At the end of the day, the courts will likely determine if the City’s actions were justifiable, but dissecting this case in Norfolk is vital to understanding the last hurdles of saving the lives of all the healthy and treatable dogs and cats in Virginia.
The save rate for dogs and cats at NACC in 2015 was 64% and the save rate for the entire Hampton Roads region was 70%. This in a state which includes some severely under-resourced communities yet generated an overall save rate of 80.5% of the dogs and cats. More disturbingly, of the 43,642 dogs and cats who were euthanized in Virginia shelters in 2015, 25% of them lost their lives in Hampton Roads shelters. This statistic should be a wake-up call for Hampton Roads advocates, citizens and policy makers.
There are inarguably some fine shelters in Hampton Roads which are saving the vast majority of animals in their care but they are in the minority, and when one or more major shelters is clinging to regressive practices, it presents the entire region poorly.
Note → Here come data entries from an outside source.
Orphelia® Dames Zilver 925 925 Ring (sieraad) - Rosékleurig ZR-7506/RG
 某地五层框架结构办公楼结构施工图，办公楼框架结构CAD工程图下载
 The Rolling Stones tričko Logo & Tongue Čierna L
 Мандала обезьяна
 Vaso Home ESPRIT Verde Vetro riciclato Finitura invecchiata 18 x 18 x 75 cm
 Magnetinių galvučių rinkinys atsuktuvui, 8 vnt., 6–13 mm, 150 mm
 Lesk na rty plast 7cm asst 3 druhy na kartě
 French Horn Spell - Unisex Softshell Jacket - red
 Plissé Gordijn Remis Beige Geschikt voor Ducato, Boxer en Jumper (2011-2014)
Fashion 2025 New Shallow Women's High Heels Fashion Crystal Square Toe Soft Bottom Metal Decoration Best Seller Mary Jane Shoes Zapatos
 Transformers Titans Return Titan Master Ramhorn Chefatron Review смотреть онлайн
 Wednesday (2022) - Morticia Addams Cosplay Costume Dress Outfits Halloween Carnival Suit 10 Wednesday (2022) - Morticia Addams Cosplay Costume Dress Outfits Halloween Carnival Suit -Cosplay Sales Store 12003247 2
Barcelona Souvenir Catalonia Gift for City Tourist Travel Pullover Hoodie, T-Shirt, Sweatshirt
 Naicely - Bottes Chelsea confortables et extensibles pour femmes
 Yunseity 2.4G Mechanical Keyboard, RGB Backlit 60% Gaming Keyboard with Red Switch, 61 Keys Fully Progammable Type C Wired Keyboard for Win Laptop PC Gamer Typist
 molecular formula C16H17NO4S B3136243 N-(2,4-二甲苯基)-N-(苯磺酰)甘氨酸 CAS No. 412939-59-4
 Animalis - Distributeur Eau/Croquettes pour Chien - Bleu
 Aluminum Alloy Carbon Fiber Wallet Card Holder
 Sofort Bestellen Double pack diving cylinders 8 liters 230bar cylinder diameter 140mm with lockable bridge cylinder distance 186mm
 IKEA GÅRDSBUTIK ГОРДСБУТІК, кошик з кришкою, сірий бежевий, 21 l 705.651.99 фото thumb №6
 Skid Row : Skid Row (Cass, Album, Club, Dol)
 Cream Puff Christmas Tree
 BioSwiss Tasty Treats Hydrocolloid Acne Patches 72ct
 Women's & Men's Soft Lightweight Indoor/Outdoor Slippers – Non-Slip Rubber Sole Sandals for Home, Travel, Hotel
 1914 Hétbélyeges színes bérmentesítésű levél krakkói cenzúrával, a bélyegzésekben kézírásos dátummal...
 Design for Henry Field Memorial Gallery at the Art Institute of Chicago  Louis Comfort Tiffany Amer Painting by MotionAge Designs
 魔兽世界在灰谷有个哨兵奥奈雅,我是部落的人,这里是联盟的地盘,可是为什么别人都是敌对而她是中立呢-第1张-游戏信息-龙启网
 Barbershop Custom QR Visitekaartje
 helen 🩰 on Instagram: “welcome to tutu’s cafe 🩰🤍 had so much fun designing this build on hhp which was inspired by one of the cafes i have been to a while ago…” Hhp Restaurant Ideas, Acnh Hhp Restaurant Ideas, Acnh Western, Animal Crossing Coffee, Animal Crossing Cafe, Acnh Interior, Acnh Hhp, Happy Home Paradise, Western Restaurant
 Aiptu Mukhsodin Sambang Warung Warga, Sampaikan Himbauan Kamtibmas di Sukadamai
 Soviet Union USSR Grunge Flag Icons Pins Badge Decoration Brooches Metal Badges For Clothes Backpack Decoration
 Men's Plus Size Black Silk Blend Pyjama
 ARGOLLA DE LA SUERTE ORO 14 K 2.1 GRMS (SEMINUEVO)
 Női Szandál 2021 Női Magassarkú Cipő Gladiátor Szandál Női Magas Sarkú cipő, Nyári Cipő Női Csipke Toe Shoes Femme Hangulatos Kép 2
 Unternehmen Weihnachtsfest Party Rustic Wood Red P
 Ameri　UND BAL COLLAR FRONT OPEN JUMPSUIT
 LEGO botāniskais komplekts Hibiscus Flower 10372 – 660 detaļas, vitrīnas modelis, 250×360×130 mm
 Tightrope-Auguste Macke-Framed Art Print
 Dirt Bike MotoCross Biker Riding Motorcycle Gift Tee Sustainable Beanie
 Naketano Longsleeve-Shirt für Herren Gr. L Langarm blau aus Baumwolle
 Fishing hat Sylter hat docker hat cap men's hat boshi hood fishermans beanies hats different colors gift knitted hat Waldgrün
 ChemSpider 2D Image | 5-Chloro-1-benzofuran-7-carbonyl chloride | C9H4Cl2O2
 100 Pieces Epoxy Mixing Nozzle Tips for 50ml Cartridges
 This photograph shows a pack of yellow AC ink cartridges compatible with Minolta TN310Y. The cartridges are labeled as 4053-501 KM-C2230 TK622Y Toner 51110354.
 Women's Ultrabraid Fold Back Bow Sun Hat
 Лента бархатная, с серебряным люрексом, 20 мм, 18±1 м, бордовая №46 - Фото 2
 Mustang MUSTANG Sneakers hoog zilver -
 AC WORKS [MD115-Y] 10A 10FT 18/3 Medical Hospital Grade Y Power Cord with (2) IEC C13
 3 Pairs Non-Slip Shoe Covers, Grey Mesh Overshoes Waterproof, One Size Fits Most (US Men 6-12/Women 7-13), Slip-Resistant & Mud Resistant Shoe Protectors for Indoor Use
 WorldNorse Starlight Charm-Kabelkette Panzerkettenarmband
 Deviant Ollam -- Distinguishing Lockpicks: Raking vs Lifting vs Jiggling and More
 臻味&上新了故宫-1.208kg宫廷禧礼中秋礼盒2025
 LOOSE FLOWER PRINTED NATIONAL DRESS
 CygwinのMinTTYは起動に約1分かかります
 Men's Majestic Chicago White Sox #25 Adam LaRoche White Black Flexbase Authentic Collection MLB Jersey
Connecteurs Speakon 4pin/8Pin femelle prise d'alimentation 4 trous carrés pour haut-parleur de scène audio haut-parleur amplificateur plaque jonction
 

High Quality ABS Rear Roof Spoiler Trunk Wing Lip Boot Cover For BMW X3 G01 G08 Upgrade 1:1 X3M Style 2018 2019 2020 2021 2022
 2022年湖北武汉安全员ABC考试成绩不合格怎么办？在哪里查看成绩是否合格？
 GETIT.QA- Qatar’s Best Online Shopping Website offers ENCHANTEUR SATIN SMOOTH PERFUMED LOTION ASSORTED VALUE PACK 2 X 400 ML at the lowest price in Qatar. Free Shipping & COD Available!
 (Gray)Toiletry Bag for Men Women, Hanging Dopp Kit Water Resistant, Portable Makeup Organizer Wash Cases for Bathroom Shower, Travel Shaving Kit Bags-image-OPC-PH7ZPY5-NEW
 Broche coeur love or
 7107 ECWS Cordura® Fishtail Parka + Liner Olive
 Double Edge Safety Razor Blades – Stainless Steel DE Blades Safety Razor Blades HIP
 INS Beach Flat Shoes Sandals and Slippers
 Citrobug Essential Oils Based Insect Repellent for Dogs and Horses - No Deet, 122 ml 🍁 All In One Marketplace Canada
Long time volunteers at NACC have been banned and employees fired for speaking out about animal care, breed discrimination and the overall euthanasia rate. Shelter leadership boasts a high facility save rate based upon shelter-defined “adoptable animals.” NACC does not advocate for TNR while hundreds of cats are euthanized every year at the shelter and $100,000+ in grant monies have been received by private agencies in Norfolk to fund TNR. Credible, known rescue groups which would pull animals must go through a staff approval process.
One of the loudest champions for NACC is PETA. PETA’s euthanasia rate for dogs and cats was 74% in 2015, one of the worst in the state.
The Norfolk Animal Care Center missed a golden opportunity to collaborate with a significant rescue group which was willing to take full responsibility for McLovin. Instead of building a case to justify taking McLovin’s life, the shelter could have spent the same time working out the logistics for McLovin’s safe return to SCR. Had they done so, McLovin would be alive and not simply another euthanasia statistic.
Northern Virginia offers a model of the lifesaving results which come from collaboration. Public and private shelters and rescue groups share resources and space to deliver a save rate of about 90% for the region. If a dog is not “showing well,” behaving well, doing well or for whatever reason not getting adopted in one facility, another stands ready to give it a chance. Their open door policy based upon partnerships both inside and outside their region should be emulated in every Virginia community.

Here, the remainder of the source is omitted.